Nazaqat
- First edition
- Author: Sasha H. Singhal
- Language: Indian English
- Genre: Thriller, Drama
- Set in: India
- Publisher: Half Baked Beans
- Publication date: 2013
- Publication place: India
- Pages: 204
- ISBN: 8192-692-620

= Nazaqat =

2013 novel by Harsh Agarwal

Nazaqat is a novel written by author Harsh Agarwal. Nazaqat was published in 2013 by Half Baked Beans under the pen name of Sasha H Singhal.

==Plot==

The story of Nazaqat is about a girl Naazani, who gets into sex work and takes the name Nazaqat. She eventually fought to legalize prostitution in India.

== Reception ==

Sankalpita Singh at Metro India said, "The book is written beautifully with the characters, the drama, the action woven so intricately yet so vividly.
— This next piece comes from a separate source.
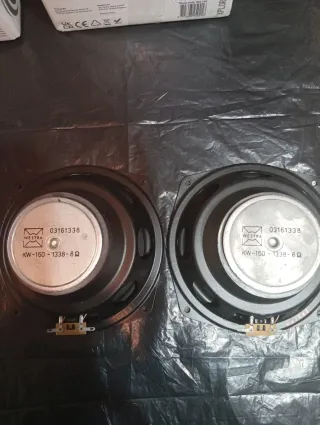 Bafles Columnas Negros Reacondicionados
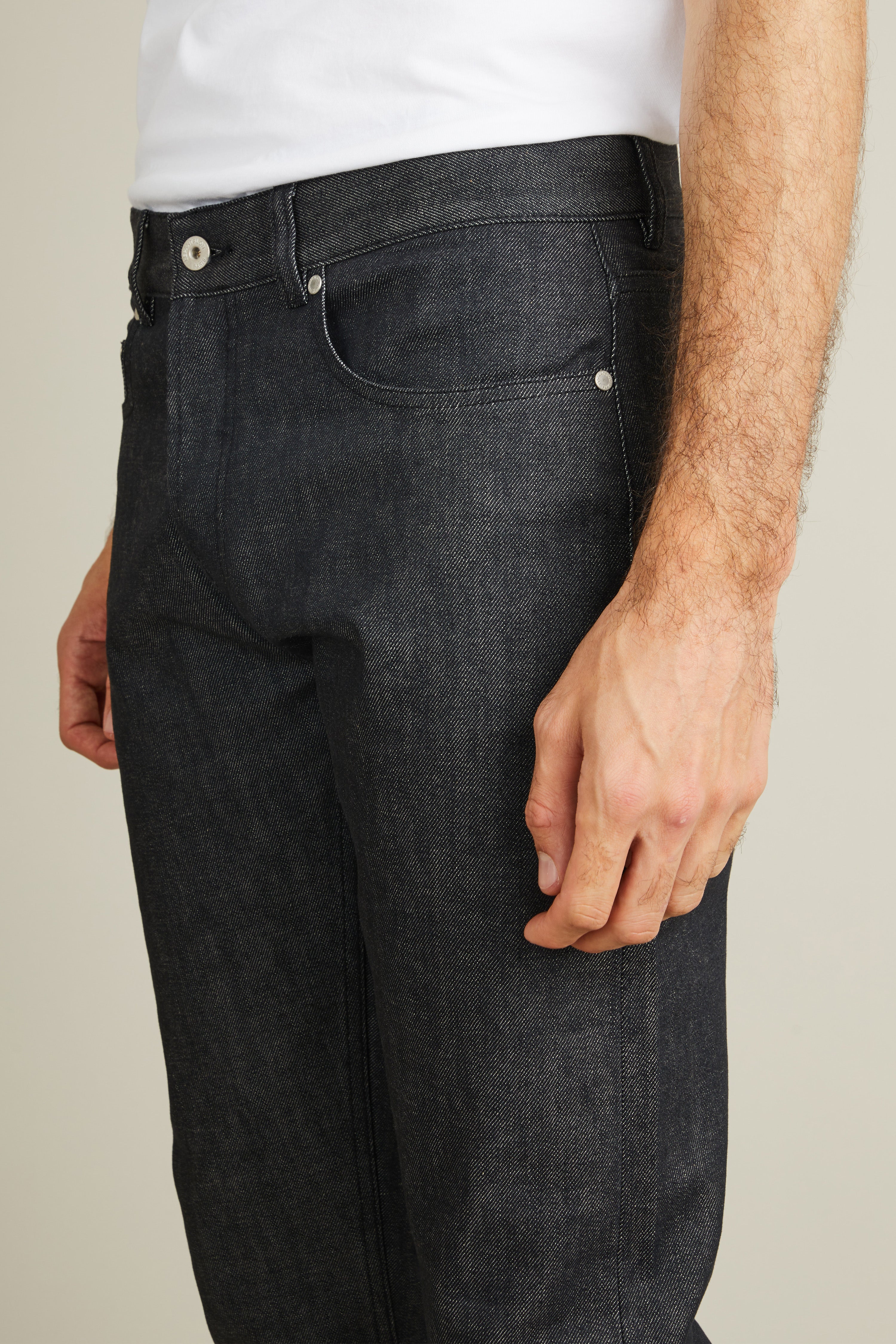 le-pantalon-jean-selvedge-noir-denim-homme-semi-slim-14-oz image 2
Though the book is very good, there is definitely scope of improvement in terms of plot." Lucknow Tribune published, "The book attempts to make a rather powerful statement on women empowerment through the life of a high-end escort Nazaqat."

==The author==

Harsh Agarwal is an author whose other books include An Excursion of Insight and Life in a Nutshell. He is also credited for films Mind Mera Mind, and Vaidya.